For Bazail-Eimil, who became a Catholic last year through Georgetown’s Catholic Ministry, the event was humbling. “Walking out of that meeting, wow,” he says. “It just confirmed I had made the right choice converting to Catholicism.”
The Golden Ticket Invitation
Prior to the event, the five Georgetown students met with fellow undergraduates from Jesuit universities in the U.S. and Canada to pool their ideas on addressing migration. Ruiz and Bazail-Eimil were voted by their peers to present their findings to Pope Francis, along with a student from a peer group in Latin America.

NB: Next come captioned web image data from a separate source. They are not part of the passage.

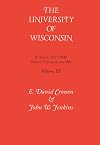 University of Wisconsin : A History : Politics, Depression, and War, 1925-1945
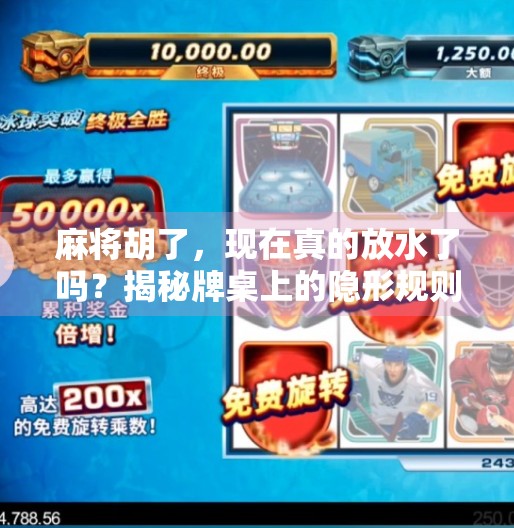 麻将胡了,现在真的放水了吗?揭秘牌桌上的隐形规则与人性博弈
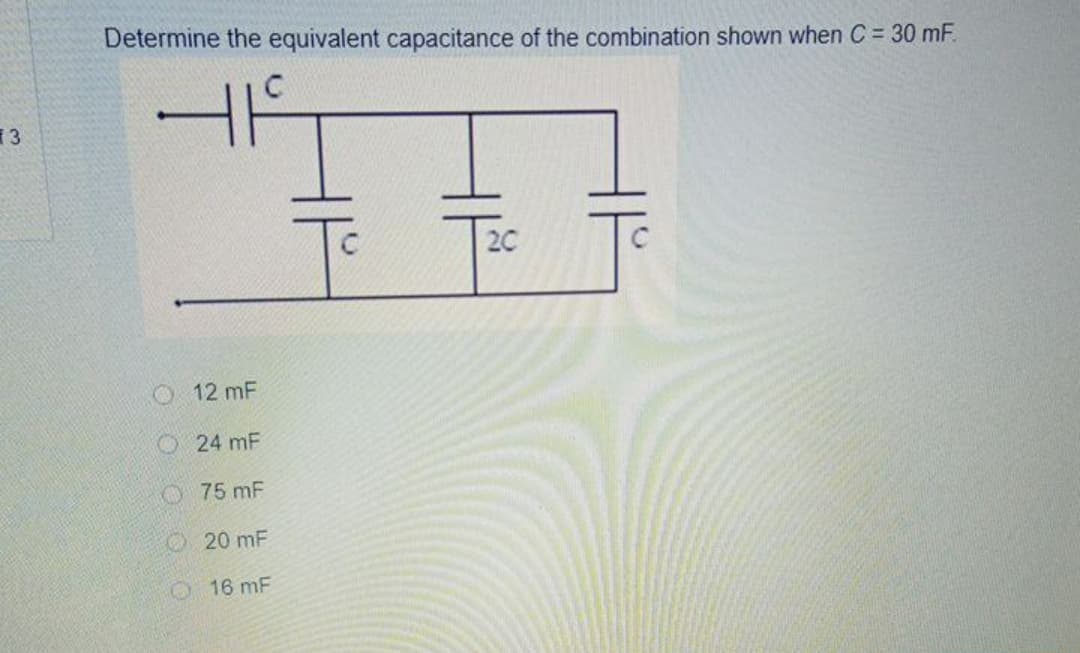 Determine the equivalent capacitance of the combination shown when C = 30 mF.
3
20
O 12 mF
O24 mF
75 mF
O20 mF
16 mF
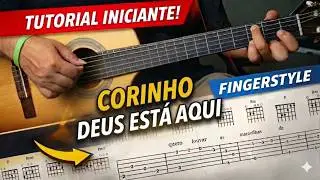 CORINHOS - DEUS EST&Aacute; AQUI (no VIOL&Atilde;O) Fingerstyle - TAB + Tutorial - Arranjo de Josu&eacute; Prudenciano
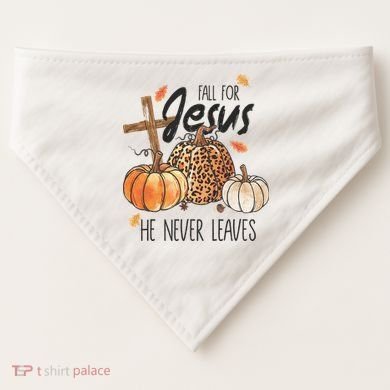 Fall for Jesus He Never Leaves Christian Thanksgiving Dinner USA-Made Doggie Bandana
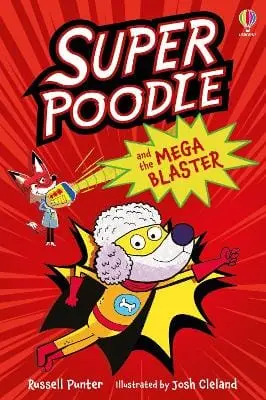 Russell Punter: Superpoodle And The Mega Blaster [2025] 1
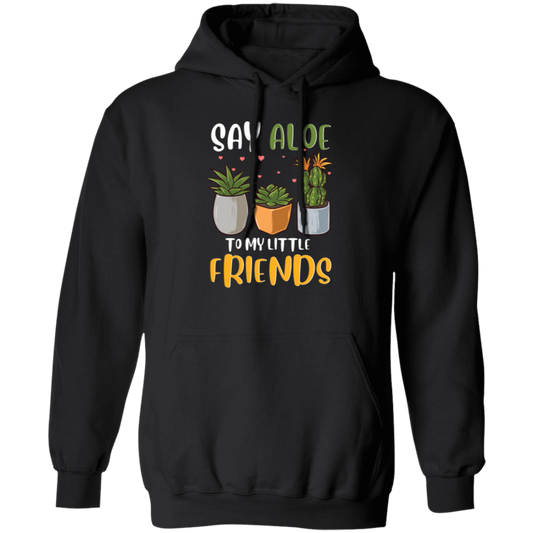 Cute Plant Pun, Funny Say Aloe To My Little Friends, Succulents Lover Gift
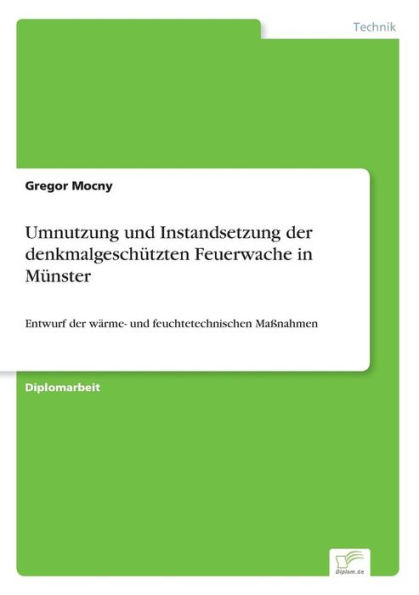 Umnutzung und Instandsetzung der denkmalgeschï¿½tzten Feuerwache in Mï¿½nster: Entwurf der wï¿½rme- und feuchtetechnischen Maï¿½nahmen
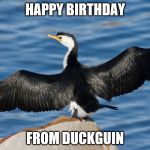 Duckguin | HAPPY BIRTHDAY; FROM DUCKGUIN | image tagged in duckguin | made w/ Imgflip meme maker
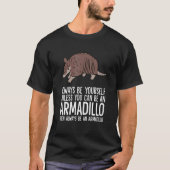 Seien Sie immer selbst, wenn Sie kein Armadillo se T-Shirt (Vorderseite)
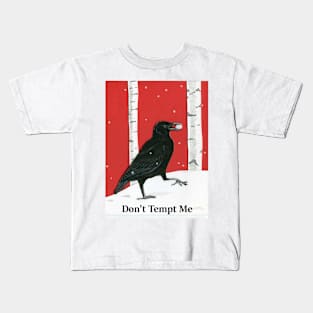 Don't Tempt Me Kids T-Shirt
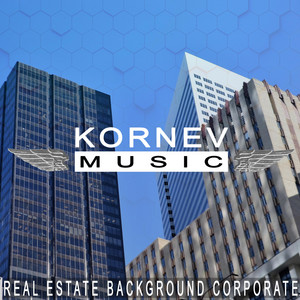 Kornev Music - Real Estate Background Corporate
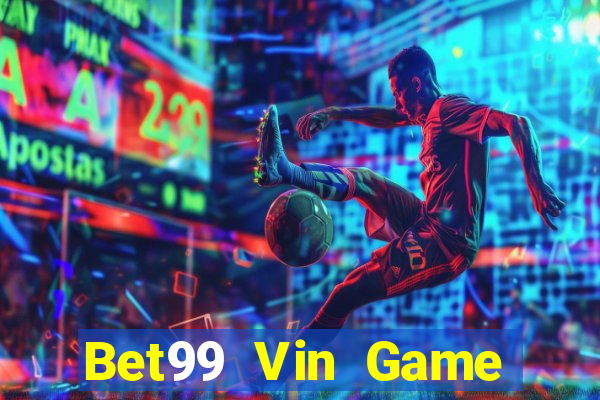 Bet99 Vin Game Bài Phái Mạnh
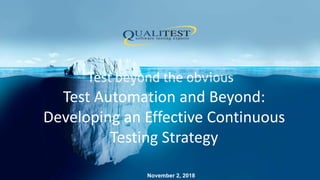 Test Automation and Beyond:
Developing an Effective Continuous
Testing Strategy
November 2, 2018
 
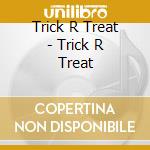 Trick R Treat - Trick R Treat cd
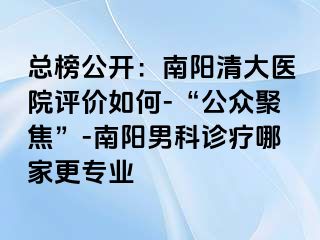 总榜公开：南阳清大医院评价如何-“公众聚焦”-南阳男科诊疗哪家更专业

“I was so excited to hear that of the many students around the region engaged in deep conversation about synodality and the future of the Church, our Hoyas, Ana and Eric, were chosen by their peers to represent them,” says Fr. Mark Bosco, S.J., vice president of Mission & Ministry. “What an extraordinary moment they had with Pope Francis. I was consoled to see that Georgetown’s Catholic and Jesuit heritage is alive and well in the hearts and minds of students today.”

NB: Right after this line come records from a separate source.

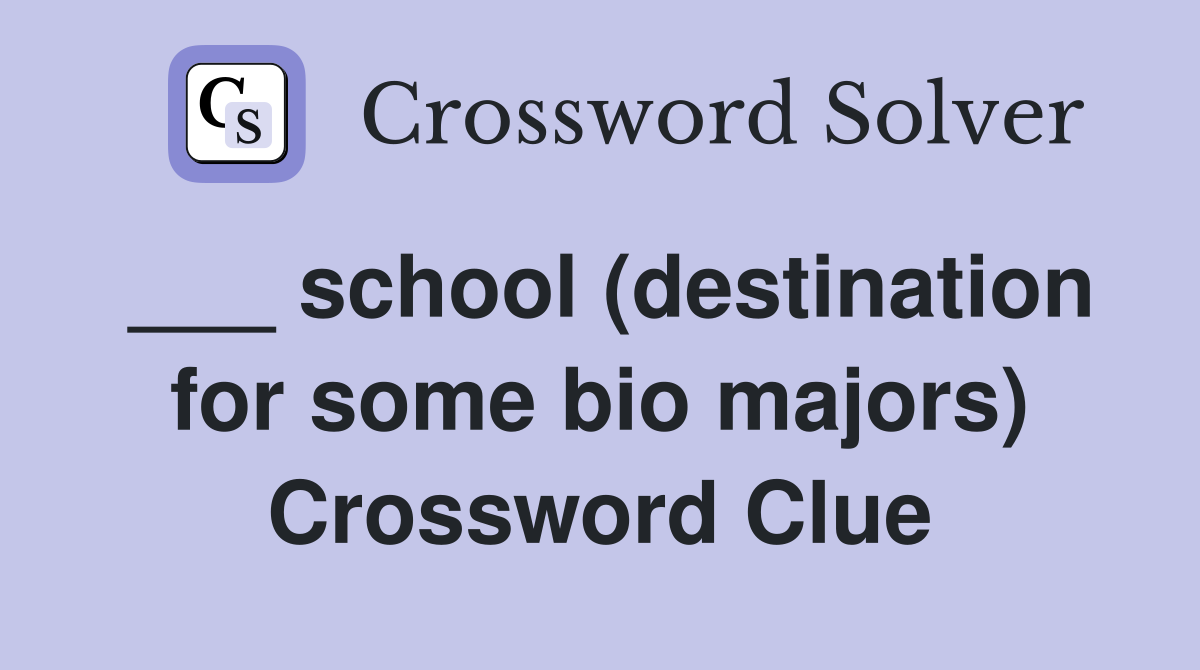 ___ school (destination for some bio majors) Crossword Clue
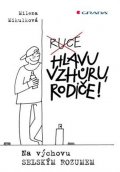 Mikulková Milena: Hlavu vzhůru, rodiče! - Na výchovu selským rozumem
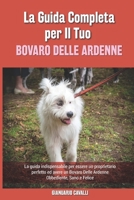 La Guida Completa per Il Tuo Bovaro Delle Ardenne: La guida indispensabile per essere un proprietario perfetto ed avere un Bovaro Delle Ardenne Obbediente, Sano e Felice B094TJK9CV Book Cover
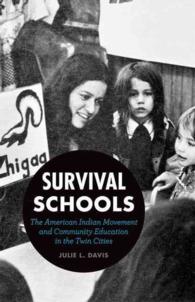 Survival Schools : The American Indian Movement and Community Education in the Twin Cities -- Hardback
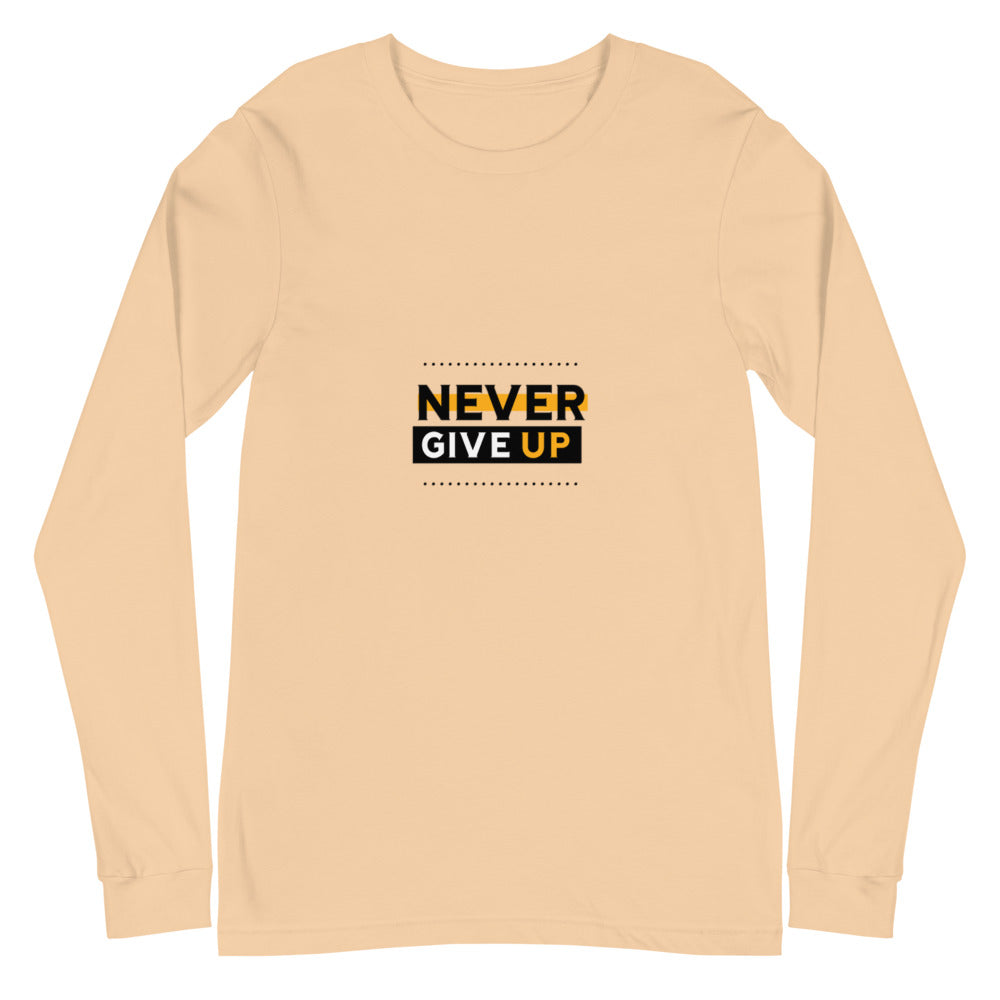 NEVER GIVE UP- Unisex Long Sleeve Tee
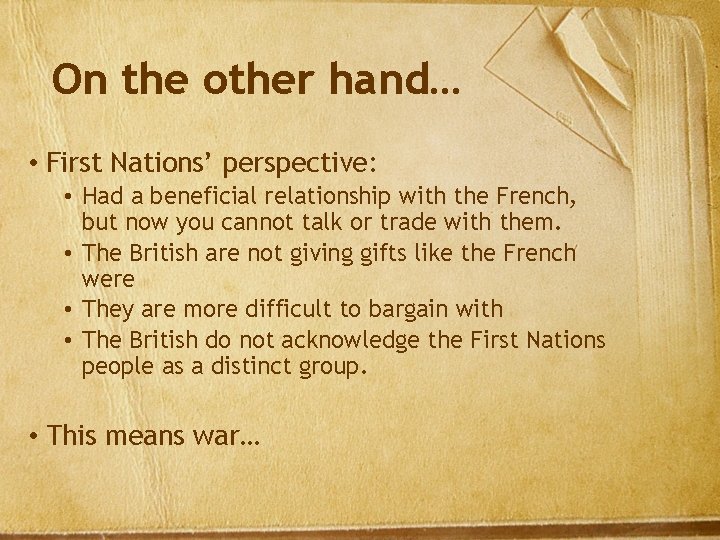 On the other hand… • First Nations’ perspective: • Had a beneficial relationship with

When Pope Francis Joins Your Zoom Call
The day of the event, Ruiz was nervous. She took out her prayer cards — St. Ignatius, St. Michael — a crucifix, a rosary and a picture of Mary, and spread them around her laptop. She watched Pope Francis’s name pop up on Zoom. “I was so in the moment,” she says, “and was like, everything is going to be fine. I was so excited.”
Bazail-Eimil had landed in London hours earlier for a Model United Nations conference. He was jetlagged and worried that his Airbnb’s Wi-Fi wouldn’t work. But from his debate experience, he felt confident in his speech and presented first.
Dialoguing With Pope Francis
Bazail-Eimil shared his group’s call to the Catholic Church to respond concretely to the needs of migrants and refugees.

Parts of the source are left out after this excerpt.